Hi Johan and Jim, as Johan will well remember (I have bored him with
personal e-mails before) I was involved peripherally in Cantat and in the
later transistor cable systems. I can conform the cable was a nominal 50
ohms. What you have to remember is that a whole load of this was under many
thousands of feet of water, which presumably has some effect on the
dimensions !! I must ask one of my old buddies if 54 ohm coax cable becomes
50 ohms if you squeeze it hard !! I can also confirm the + / - 7kV power
feed to the ends. One of the jobs I had was advising on protecting the
transistor amps in the later cables from the eventuallity of a disgruntled
fisherman taking his axe to a trawl-snagged cable. You can imagine what
happens when 7000m of 50ohm coax (300pF per metre) charged up to 7kV is
suddenly shorted by the axe blade. I understand from oft repeated anecdotes
that the result was quite spectacular, and there was not a lot of a
"lumberjack style" long-handle axe blade left afterwards. Also the axeman
had somwhat of a headache and tingling feeling, after he picked himself up.

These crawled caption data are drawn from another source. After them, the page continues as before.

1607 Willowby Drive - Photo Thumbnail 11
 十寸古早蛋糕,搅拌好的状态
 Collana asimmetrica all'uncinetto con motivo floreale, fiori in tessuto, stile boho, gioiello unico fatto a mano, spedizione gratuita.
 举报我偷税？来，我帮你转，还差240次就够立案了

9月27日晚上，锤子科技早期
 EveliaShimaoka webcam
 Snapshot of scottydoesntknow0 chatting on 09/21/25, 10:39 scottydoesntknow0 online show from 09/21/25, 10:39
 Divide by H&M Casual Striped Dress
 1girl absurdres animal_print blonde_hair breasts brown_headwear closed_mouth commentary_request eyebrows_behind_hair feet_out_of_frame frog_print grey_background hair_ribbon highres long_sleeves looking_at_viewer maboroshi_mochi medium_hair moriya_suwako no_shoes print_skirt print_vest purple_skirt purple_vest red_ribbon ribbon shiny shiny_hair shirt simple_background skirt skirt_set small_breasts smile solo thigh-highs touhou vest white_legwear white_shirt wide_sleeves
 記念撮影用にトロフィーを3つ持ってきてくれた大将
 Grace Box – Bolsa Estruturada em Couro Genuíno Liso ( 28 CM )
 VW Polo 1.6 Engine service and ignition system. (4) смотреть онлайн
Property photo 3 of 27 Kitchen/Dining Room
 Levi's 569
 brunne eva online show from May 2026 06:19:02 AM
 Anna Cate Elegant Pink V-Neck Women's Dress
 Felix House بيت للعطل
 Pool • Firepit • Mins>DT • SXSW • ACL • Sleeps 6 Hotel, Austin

We must have been reasonable successful as I dont believe we lost a single
repeater to that cause.
Geomag storms were a problem.....it is quite some antenna when you get a
signal of about 4kV at the terminals !! I think it operated like a
center-tapped single turn loop...more like a simple generator. It was usual
to lose an hour or so of traffic time I believe when conditions were bad. I
only think I am glad it was not me manning the power-feed shed on some
lonely beach under those conditions.
In Cantat the amps consisted of 3 valves in cascade (sons of the SP41 !!)
sat in the middle of a bridge of directional filters so that it amplified
sigs going both ways. The DC was stripped off by a LPF and the HT was
developed across zener I believe. I have a sample of the later
Yes the path loss may have been more than the Satellite link, but it didnt
cost as much to lay and commission. I have not checked but I believe the
cable is still usable over 40 years after it was commissioned, but I suspect
a lot of the terminal gear has been stripped out. I bet there is not a lot
of life in Telstar !!
Back to topic ....would the fact that TV cable is normally semi air spaced
account for the use of 72 ohms for our (in UK anyway) TV feeder??